R: avoid summary.plm

I use R to run Monte Carlo simulations studying the performance of panel data estimates. Since I will have a large number of samples, I need to get at least decent performance from my code.

Using Rprof in 10 tests of my simulation, it is shown that a significant part of the time is spent on calls to summary.plm . The first few lines of Rprofsummary are shown below:

 $by.total total.time total.pct self.time self.pct "trial" 54.48 100.0 0.00 0.0 "coefs" 53.90 98.9 0.06 0.1 "model.matrix" 36.72 67.4 0.10 0.2 "model.matrix.pFormula" 35.98 66.0 0.06 0.1 "summary" 33.82 62.1 0.00 0.0 "summary.plm" 33.80 62.0 0.08 0.1 "r.squared" 29.00 53.2 0.02 0.0 "FUN" 24.84 45.6 7.52 13.8 

I call summary in my code because I need to get standard error estimates of the coefficients, as well as the coefficients themselves (which I could only get from the plm object). My call looks like

 regression <- plm(g ~ y0 + Xit, data=panel_data, model=model, index=c("country","period")) coefficients_estimated <- summary(regression)$coefficients[,"Estimate"] ses_estimated <- summary(regression)$coefficients[,"Std. Error"] 
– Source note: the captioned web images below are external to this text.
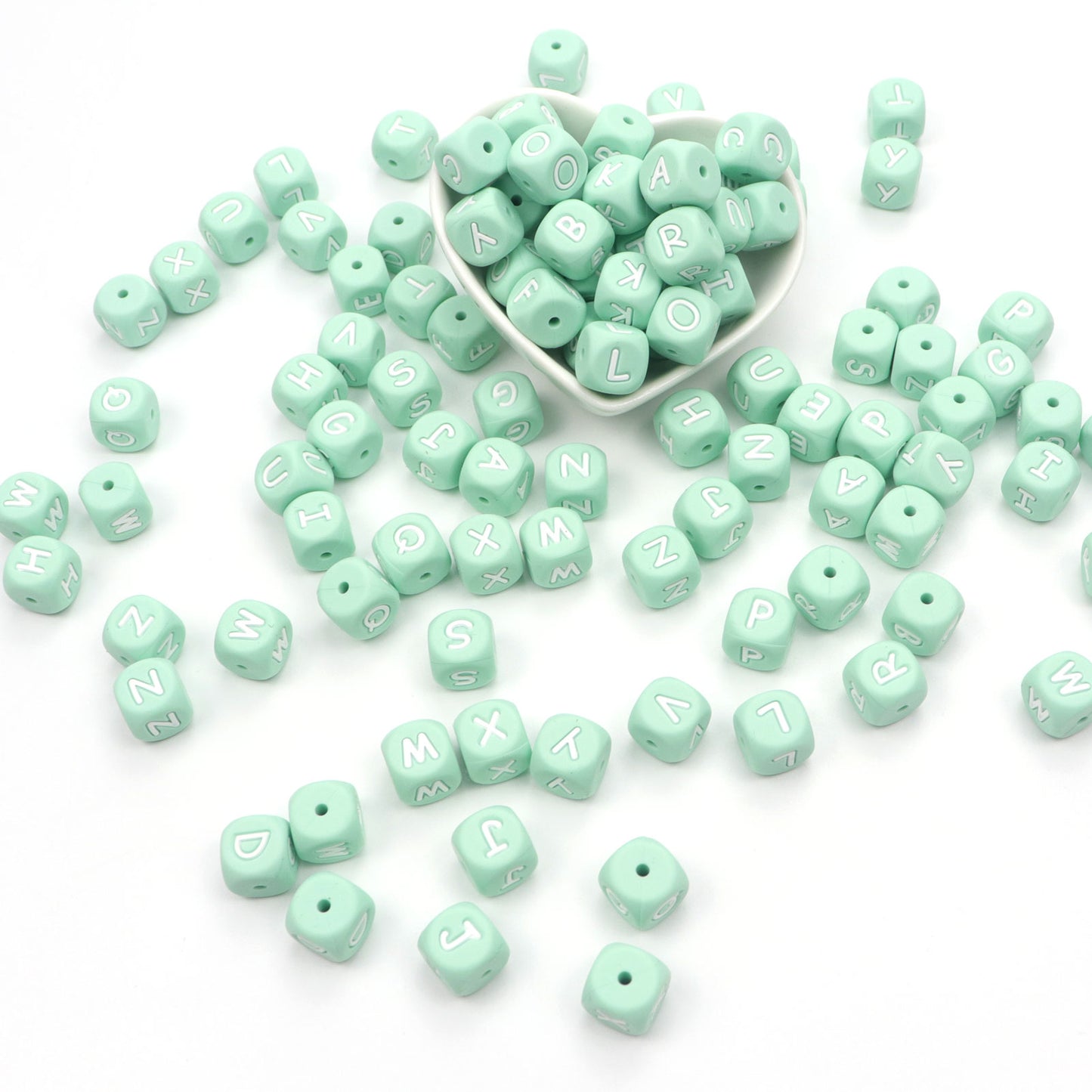 5pcs Silicone Letter Beads - Green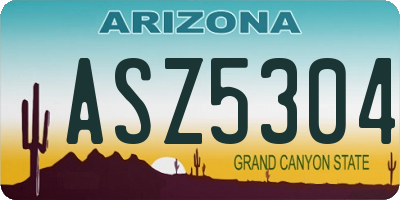 AZ license plate ASZ5304
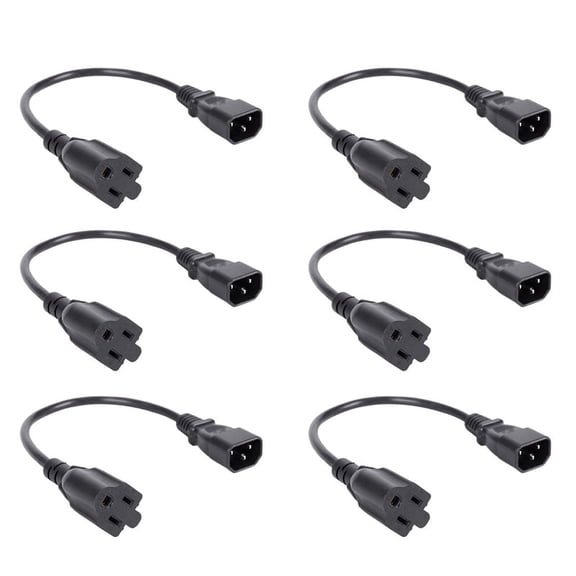 6pcs 1ft IEC 320 C14 Male Plug to NEMA 5-15R 3 Female PC Power Adapter Cable Black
I feel this is a huge waste of CPU time, but I don’t know enough about how R does everything to avoid calling a resume. I would appreciate any information on what is going on behind the scenes here, or some way to reduce the time spent on this.

+6
source share
3 answers

You just need to look inside plm:::summary.plm to see what it does. When you do this, you will see that your two lines calling summary() on your model can be replaced by:

 coefficients_estimated <- coef(regression) ses_estimated <- sqrt(diag(vcov(regression))) 

For instance:

 require(plm) data("Produc", package = "plm") zz <- plm(log(gsp) ~ log(pcap) + log(pc) + log(emp) + unemp, data = Produc, index = c("state","year")) 

summary(zz) gives:

 > summary(zz) Oneway (individual) effect Within Model .... Coefficients : Estimate Std. Error t-value Pr(>|t|) log(pcap) -0.02614965 0.02900158 -0.9017 0.3675 log(pc) 0.29200693 0.02511967 11.6246 < 2.2e-16 *** log(emp) 0.76815947 0.03009174 25.5273 < 2.2e-16 *** unemp -0.00529774 0.00098873 -5.3582 1.114e-07 *** --- Signif. codes: 0 '***' 0.001 '**' 0.01 '*' 0.05 '.' 0.1 ' ' 1 .... 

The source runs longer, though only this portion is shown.